Refactor xpath scraper code. Add fixed and map #616

WithoutPants · 2020-06-17T00:08:36Z

Refactored the xpath code so that it uses structs instead of generic maps.

Changed post-processing format so that actions can be performed in any order. Maintains backward compatibility with existing post-processing actions: parseDate, replace, subScraper; but should be considered deprecated. New post-processing actions should only be implemented in the postProcess field.

Example of the old vs new structure:

# old
Birthdate: 
  selector: //span[@itemprop="birthDate"]
  parseDate: Jan 2, 2006

# new
Birthdate: 
  selector: //span[@itemprop="birthDate"]
  postProcess:
    - parseDate: Jan 2, 2006
    - # add other post-process actions as needed

Adds a Fixed field. This field replaces Selector in a field and resolves to the string value. For example:

Gender:
  Fixed: Female

Adds a map post-processing action. This is only allowed in the new postProcess field. It maps values to other values. Example:

Gender:
  selector: //div[class="example element"]
  postProcess:
    - map:
      F: Female
      M: Male

The above config changes F to Female, M to Male.
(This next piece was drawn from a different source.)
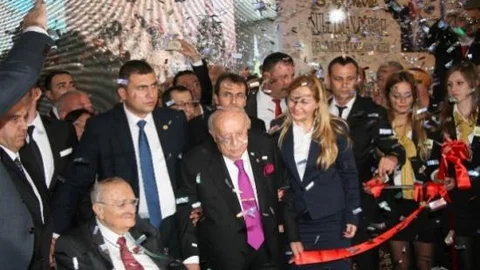 Süleyman Demirel Demokrasi Ve Kalkınma Müzesi Açıldı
Eliminates the need for multiple regex actions.

Resolves #457

WithoutPants · 2020-06-17T00:10:06Z

Going to mark as draft until #579 is merged.
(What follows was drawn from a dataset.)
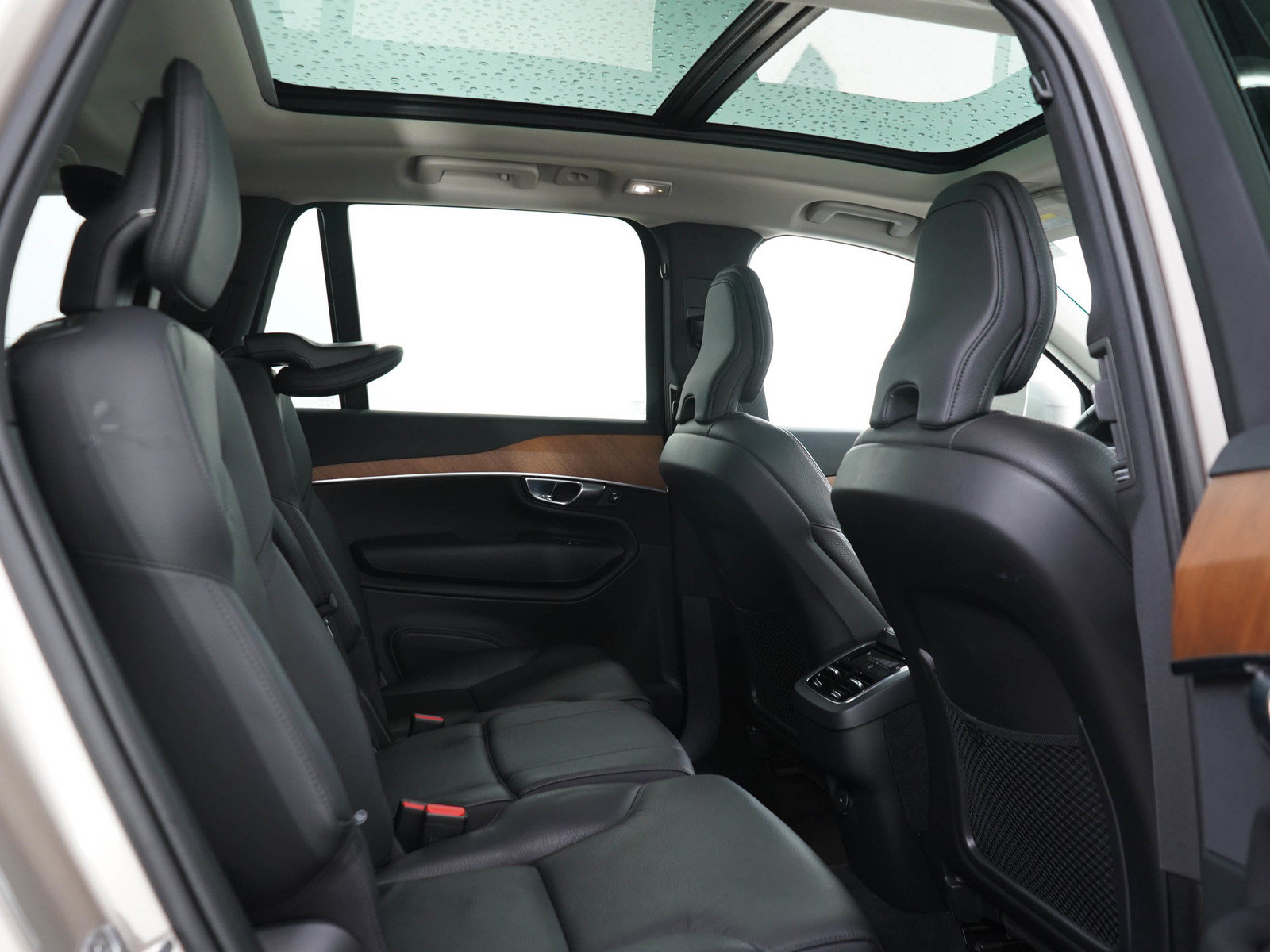 Used 2023 Volvo XC90 B6 Plus AWD/4WD image 14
WithoutPants · 2020-06-18T04:13:39Z

Merged and adjusted for #579 changes.

bnkai · 2020-06-27T17:38:49Z

I finished doing some regression tests using this build and the community scrapers (tested ~150 urls).
One issue i found is evident with this scraper https://github.com/stashapp/CommunityScrapers/blob/master/scrapers/Xartxxx.yml
The Details get an extra space at the start for the specific site with this build (compared to dev). I think the postprocess after the concat is missing or something , i went through the code but didn't notice anything suspicious, maybe something when converting to the new format?
sample urls that show the issue

https://www.xart.xxx/anny-aurora-and-niki-surprise-sex-for-three/
https://www.xart.xxx/izzy-hot-russian-fucking/
https://www.xart.xxx/mary-kalisy-summertime-sex/
https://www.xart.xxx/rebecca-and-viktoria-cum-in-for-an-orgy/
https://www.xart.xxx/susie-sexy-movies-cum-inside/
https://www.xart.xxx/tiffany-and-amaris-sex-and-fashion-a-threeway-project/
https://www.xart.xxx/veronica-when-you-least-expect-it/
https://www.xart.xxx/zazie-hot-office-sex/

bnkai · 2020-06-27T18:43:49Z

The example for the Fixed field shoud be

Gender:
  fixed: Female

And a couple of scrapers that were requested here stashapp/CommunityScrapers#73
with the new format

name: "hucows"
sceneByURL:
  - action: scrapeXPath
    url:
      - hucows.com
    scraper: sceneScraper
xPathScrapers:
  sceneScraper:
    scene:
      Title: //h1[@class="entry-title"]
      Details: //div[@class="entry-content"]/p
      Date:
        selector: //div[@itemprop="datePublished"]//text()
        concat: " "
        postProcess:
          - replace:
              - regex: ^\s+
                with:
          - parseDate: 2 Jan 2006
      Image: //center/a[1]/img[@class="lightboxhover"]/@src
      Studio:
        Name:
          fixed: Hucows
      Tags: 
        Name: //section[@id="categories-2"]//a
# Last Updated June 27, 2020

name: "xhamster"
sceneByURL:
  - action: scrapeXPath
    url:
      - xhamster.com
    scraper: sceneScraper
xPathScrapers:
  sceneScraper:
    common: 
      $player: //div[@class="width-wrap with-player-container"]
    scene:
      Title: $player/h1
      Details: //div[@class="ab-info controls-info__item xh-helper-hidden"]/p
      Date:
        selector: //div[@class="entity-info-container__date tooltip-nocache"]/@data-tooltip
        postProcess:
          - replace:
              - regex: (\d{4}-\d{2}-\d{2})\s.+
                with: $1
          - parseDate: 2006-01-02
      Image: //link[@as="image"]/@href
      Studio:
        Name:
          selector: $player/ul/li/a[contains(@href,"/channels/")]
      Tags: 
        Name: 
          selector: $player/ul/li/a[contains(@href,"/categories/")]
      Performers:
        Name:
          selector: $player/ul/li/a[contains(@href,"/pornstars/")]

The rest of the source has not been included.